There are two universal sentence encoder models by Google. One of them is based on a **Transformer** architecture and the other one is based on **Deep Averaging Network**.
**Transformer**, the sentence embedding creates context-aware representations for every word to produce sentence embeddings. It is designed for higher accuracy, but the encoding requires more memory and computational time. This is useful for sentiment classification where words like ‘not’ can change the meaning and able to handle double negation like “not bad”.
**Deep Averaging Network**, the embedding of words are first averaged together and then passed through a feedforward deep neural network to produce sentence embeddings. Unfortunately, by averaging the vectors, we lose the context of the sentence and sequence of words in the sentence in the process. It is designed for speed and efficiency, and some accuracy is sacrificed (especially on sarcasm and double negation). A great model for topic classification, classifying long articles into categories.

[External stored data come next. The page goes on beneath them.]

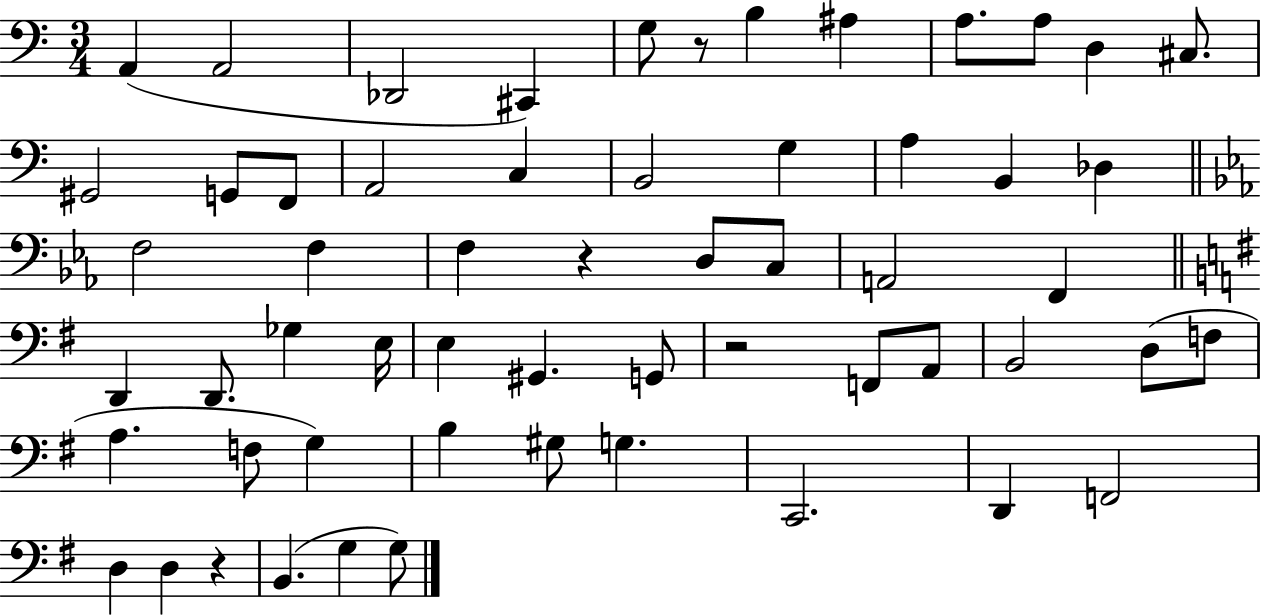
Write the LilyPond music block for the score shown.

{
  \clef bass
  \numericTimeSignature
  \time 3/4
  \key c \major
  a,4( a,2 | des,2 cis,4) | g8 r8 b4 ais4 | a8. a8 d4 cis8. | \break gis,2 g,8 f,8 | a,2 c4 | b,2 g4 | a4 b,4 des4 | \break \bar "||" \break \key ees \major f2 f4 | f4 r4 d8 c8 | a,2 f,4 | \bar "||" \break \key g \major d,4 d,8. ges4 e16 | e4 gis,4. g,8 | r2 f,8 a,8 | b,2 d8( f8 | \break a4. f8 g4) | b4 gis8 g4. | c,2. | d,4 f,2 | \break d4 d4 r4 | b,4.( g4 g8) | \bar "|."
}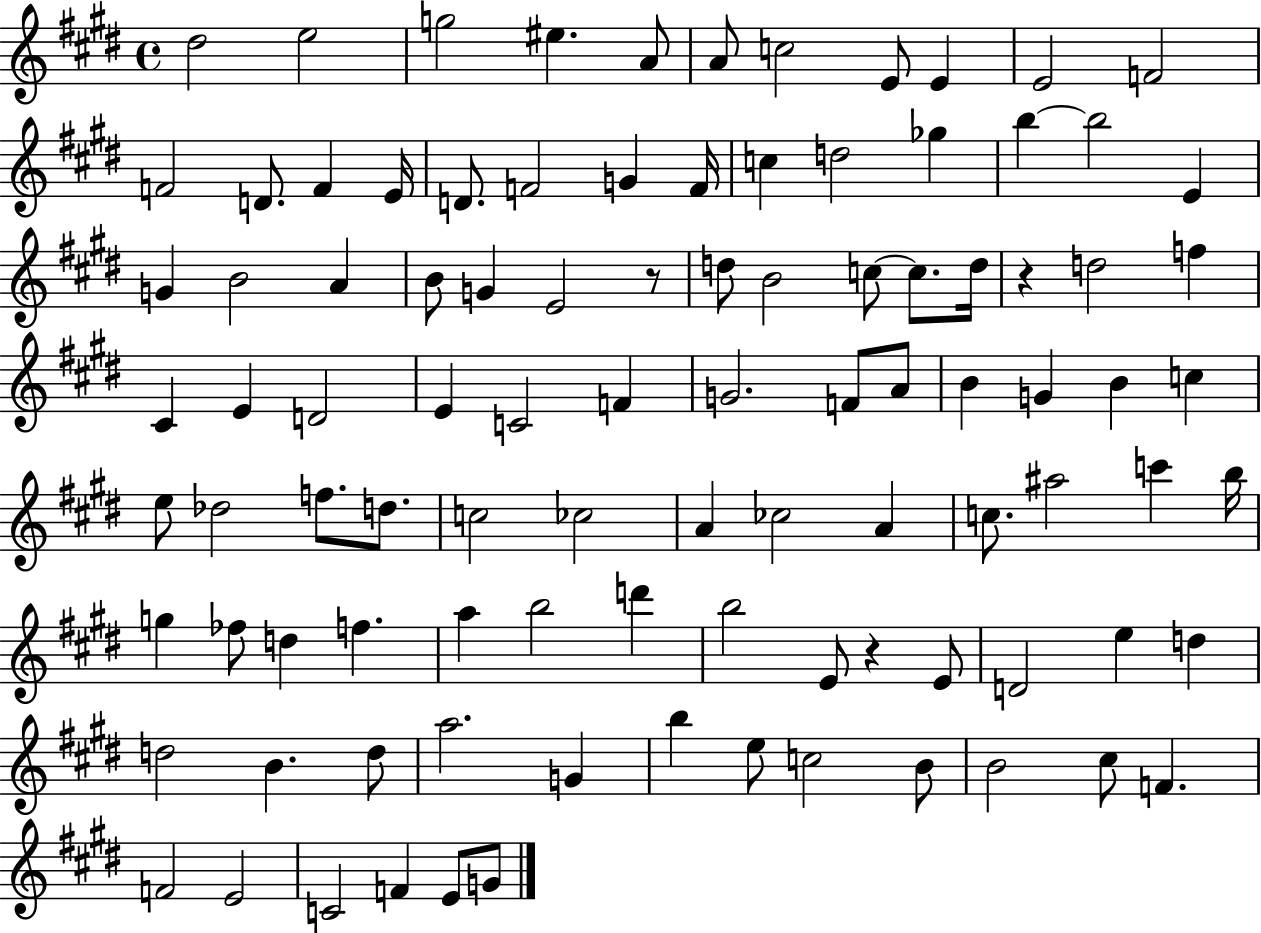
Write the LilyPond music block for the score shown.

{
  \clef treble
  \time 4/4
  \defaultTimeSignature
  \key e \major
  dis''2 e''2 | g''2 eis''4. a'8 | a'8 c''2 e'8 e'4 | e'2 f'2 | \break f'2 d'8. f'4 e'16 | d'8. f'2 g'4 f'16 | c''4 d''2 ges''4 | b''4~~ b''2 e'4 | \break g'4 b'2 a'4 | b'8 g'4 e'2 r8 | d''8 b'2 c''8~~ c''8. d''16 | r4 d''2 f''4 | \break cis'4 e'4 d'2 | e'4 c'2 f'4 | g'2. f'8 a'8 | b'4 g'4 b'4 c''4 | \break e''8 des''2 f''8. d''8. | c''2 ces''2 | a'4 ces''2 a'4 | c''8. ais''2 c'''4 b''16 | \break g''4 fes''8 d''4 f''4. | a''4 b''2 d'''4 | b''2 e'8 r4 e'8 | d'2 e''4 d''4 | \break d''2 b'4. d''8 | a''2. g'4 | b''4 e''8 c''2 b'8 | b'2 cis''8 f'4. | \break f'2 e'2 | c'2 f'4 e'8 g'8 | \bar "|."
}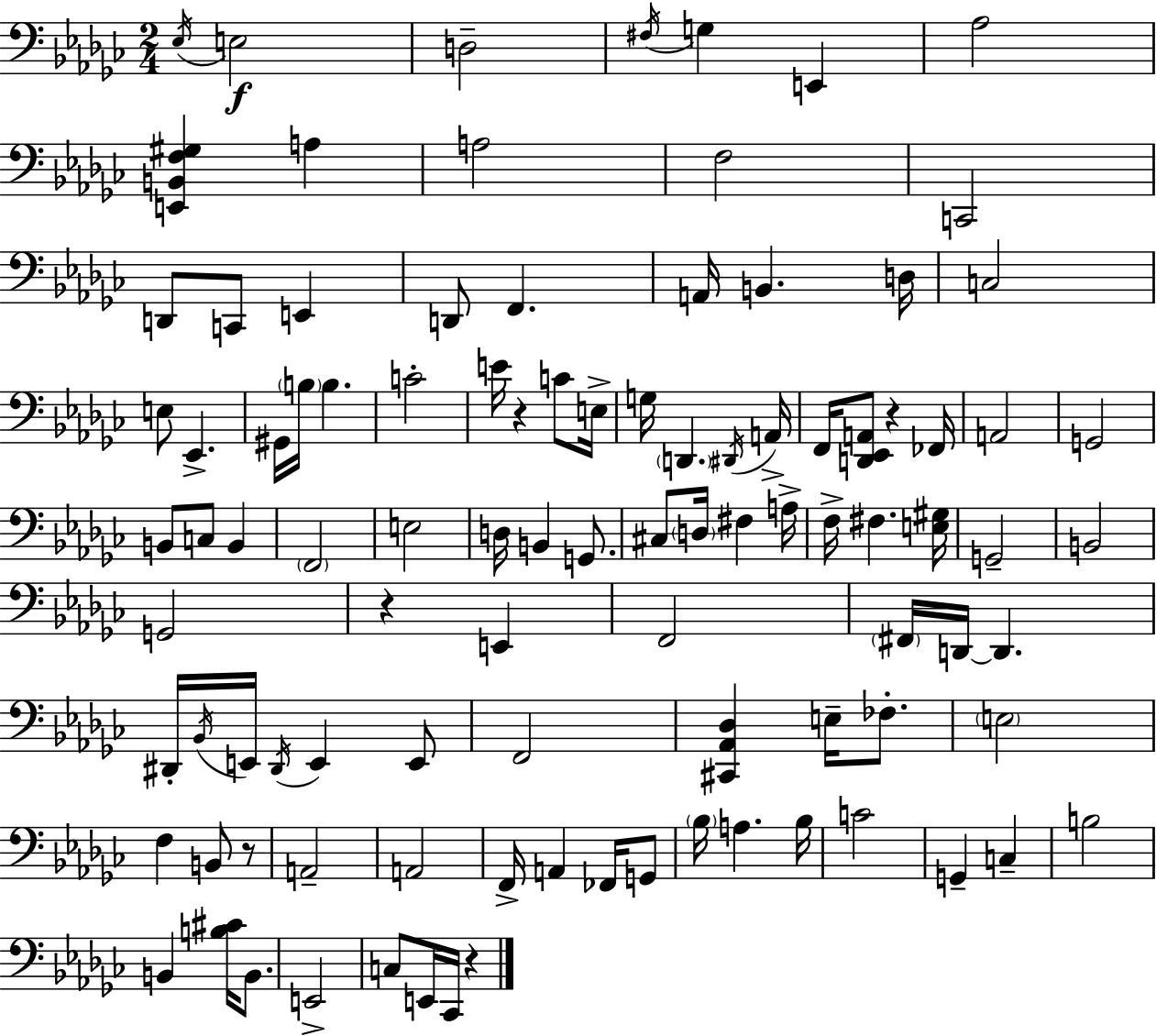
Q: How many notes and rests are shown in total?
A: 100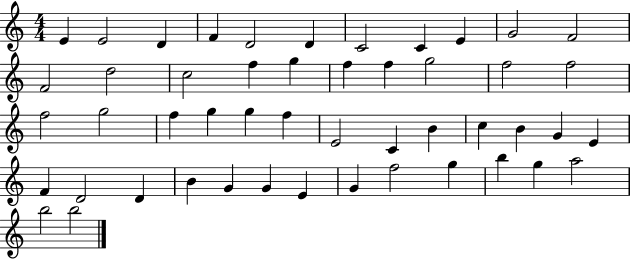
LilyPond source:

{
  \clef treble
  \numericTimeSignature
  \time 4/4
  \key c \major
  e'4 e'2 d'4 | f'4 d'2 d'4 | c'2 c'4 e'4 | g'2 f'2 | \break f'2 d''2 | c''2 f''4 g''4 | f''4 f''4 g''2 | f''2 f''2 | \break f''2 g''2 | f''4 g''4 g''4 f''4 | e'2 c'4 b'4 | c''4 b'4 g'4 e'4 | \break f'4 d'2 d'4 | b'4 g'4 g'4 e'4 | g'4 f''2 g''4 | b''4 g''4 a''2 | \break b''2 b''2 | \bar "|."
}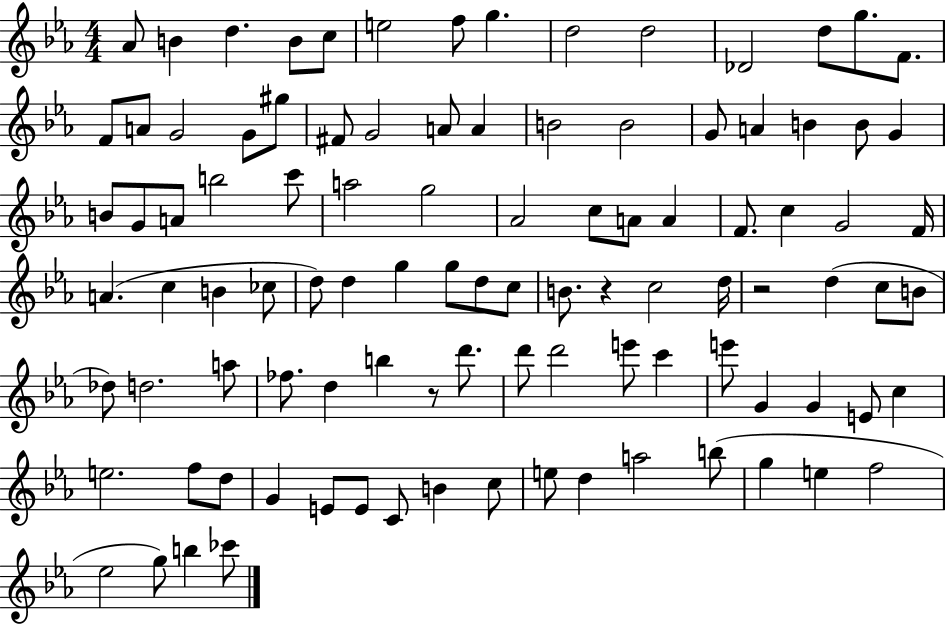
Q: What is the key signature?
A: EES major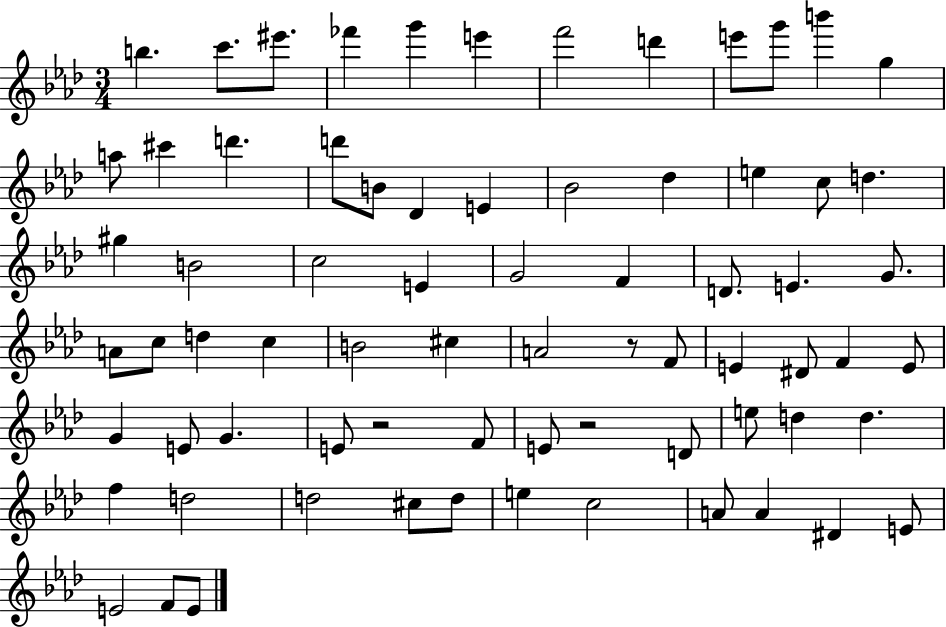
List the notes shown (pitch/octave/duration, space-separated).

B5/q. C6/e. EIS6/e. FES6/q G6/q E6/q F6/h D6/q E6/e G6/e B6/q G5/q A5/e C#6/q D6/q. D6/e B4/e Db4/q E4/q Bb4/h Db5/q E5/q C5/e D5/q. G#5/q B4/h C5/h E4/q G4/h F4/q D4/e. E4/q. G4/e. A4/e C5/e D5/q C5/q B4/h C#5/q A4/h R/e F4/e E4/q D#4/e F4/q E4/e G4/q E4/e G4/q. E4/e R/h F4/e E4/e R/h D4/e E5/e D5/q D5/q. F5/q D5/h D5/h C#5/e D5/e E5/q C5/h A4/e A4/q D#4/q E4/e E4/h F4/e E4/e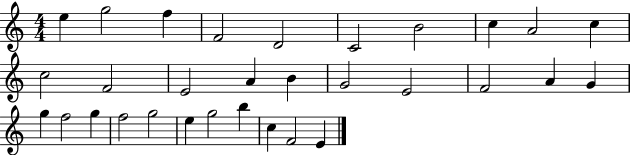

Sentences are semantically similar if they can be answered by the same responses. [taken from [paper](https://arxiv.org/pdf/1804.07754.pdf)]
[Yinfei Yang et al.](https://arxiv.org/pdf/1804.07754.pdf) introduce a way to learn sentence representations using conversational data.
For example, “_How old are you?_” and “_What is your age?_”, both questions are semantically similar, a chatbot can reply the same answer “_I am 20 years old_”.

“How are you?” and “How old are you?” have 33% similarity even though having identical words [[demo](https://jinglescode.github.io/textual-similarity-universal-sentence-encoder)]
In contrast, while “_How are you?_” and “_How old are you?_” contain identical words, both sentences have different meanings. A chatbot has to understand the question and provide the appropriate response.
This is a heatmap showing the similarity between three sentences “_How old are you?_”, “_What is your age?_” and “_How are you?_”.
“_How are you?_” and “_How old are you?_” have low similarity score even though having identical words.
[Logeswaran et al.](https://arxiv.org/abs/1803.02893) introduced a framework to learn sentence representations from unlabelled data. In this paper, the decoder (_orange box_) used in prior methods is replaced with a classifier that chooses the target sentence from a set of candidate sentences (_green boxes_); it improves the performance of question and answer system.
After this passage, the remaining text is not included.